None of these achievement, however, was just straightforward application of conventional informatics strategy developed for short read sequencers; the virtue of the long reads was not free at all. As many careful skeptics claimed in the early history of PacBio sequencing, the long reads seemed too noisy. Base accuracy was around ~85% for single raw read, that is, ~15% of bases were wrong calls, and indels consisted most of the errors. The higher error rate made it inappropriate to apply informatics tools designed for much accurate short read technologies.
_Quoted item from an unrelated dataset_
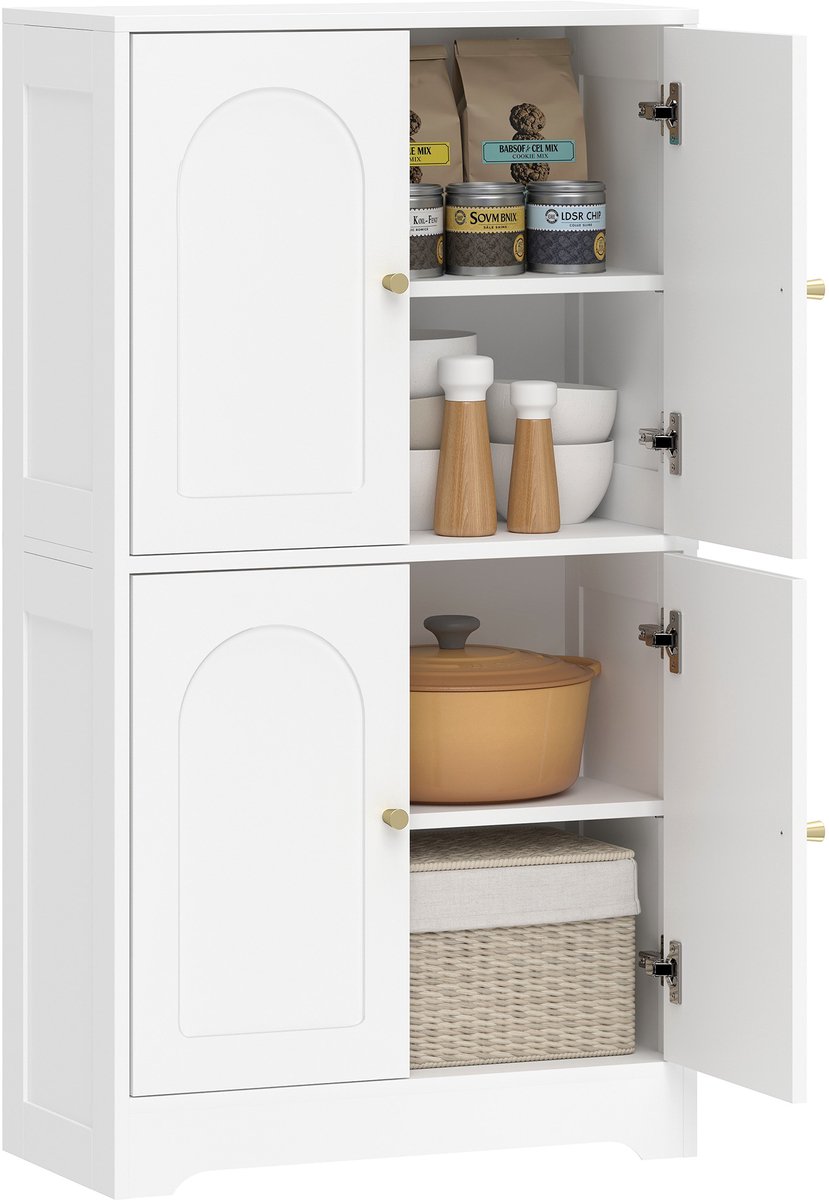Keukenkast - hoge kast met 2 verstelbare planken - keukenbuffet met 4 gebogen deuren 60 x 30 x 110 cm - wit
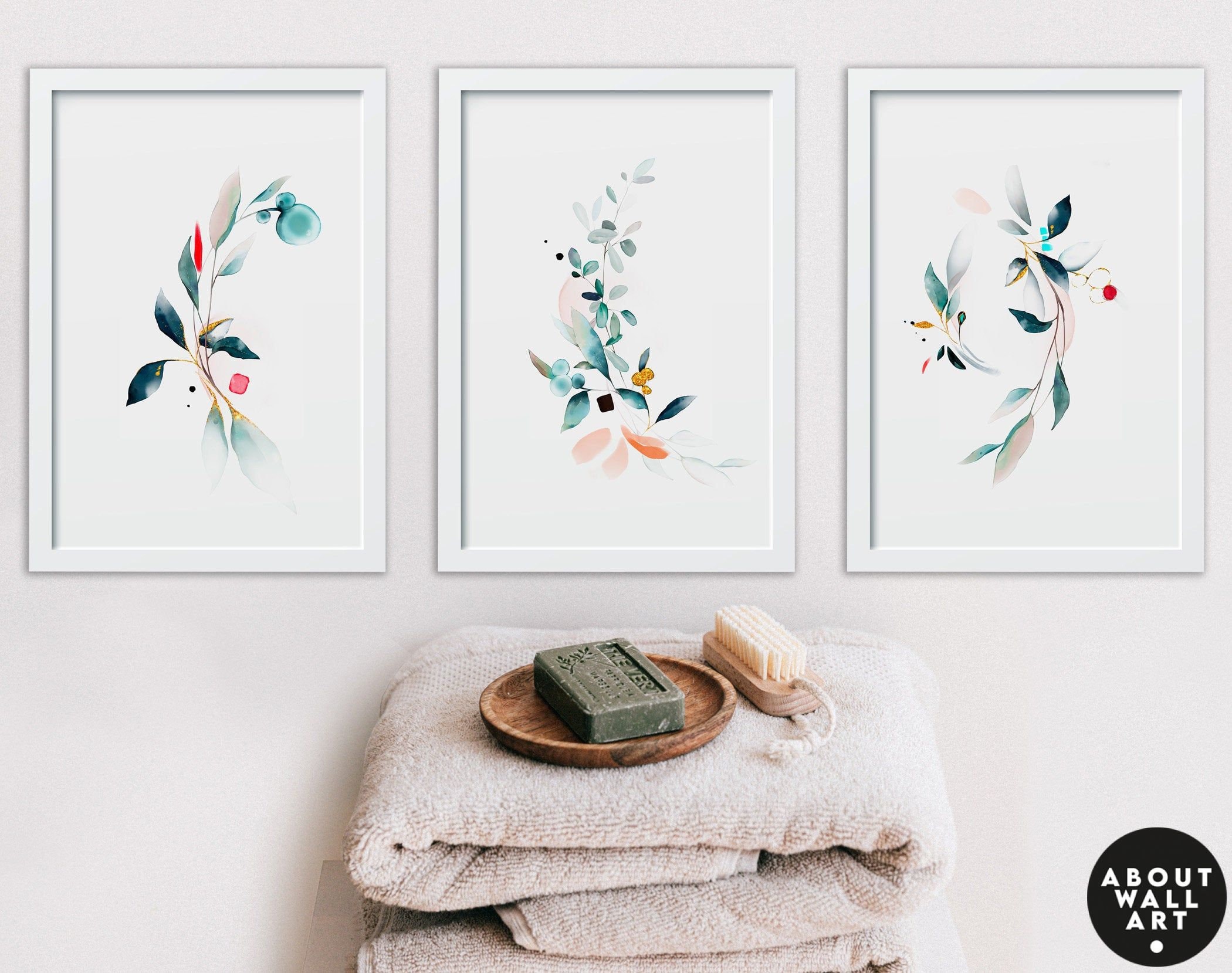 Botanical Bathroom Prints Set of 3 Wash Your Worries Away | Etsy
Even the higher error rate is properly handled by sophisticated algorithms, the length of the reads itself can pose another problem. Computational burden of many algorithms depends on the read length L. When only the short reads are assumed, it may be considered as constant, e.g., L = 76, 150, etc. The emergence of long read sequencer changed the situation drastically by improving the read length by orders of magnitudes, to thousands of bases, and to tens of thousands of bases by now. Besides the ongoing innovations for longer reads, there is a large variation in length of sequencing reads even in the same sequencing run. Therefore, the assumption that the read length is constant is not valid anymore, and one must have a strategy to handle (variably) long reads in reduced time (CPU hours) and space (memory footprint) requirement.

Availability of long read opened a door to the set of problems which were biologically existing in real but implicitly ignored by studies using short read sequencing. For example, we had to realize that a non-negligible fraction of reads could cover SVs (structural variants), requiring a new robust mapping strategy other than simply masking the known repetitive regions.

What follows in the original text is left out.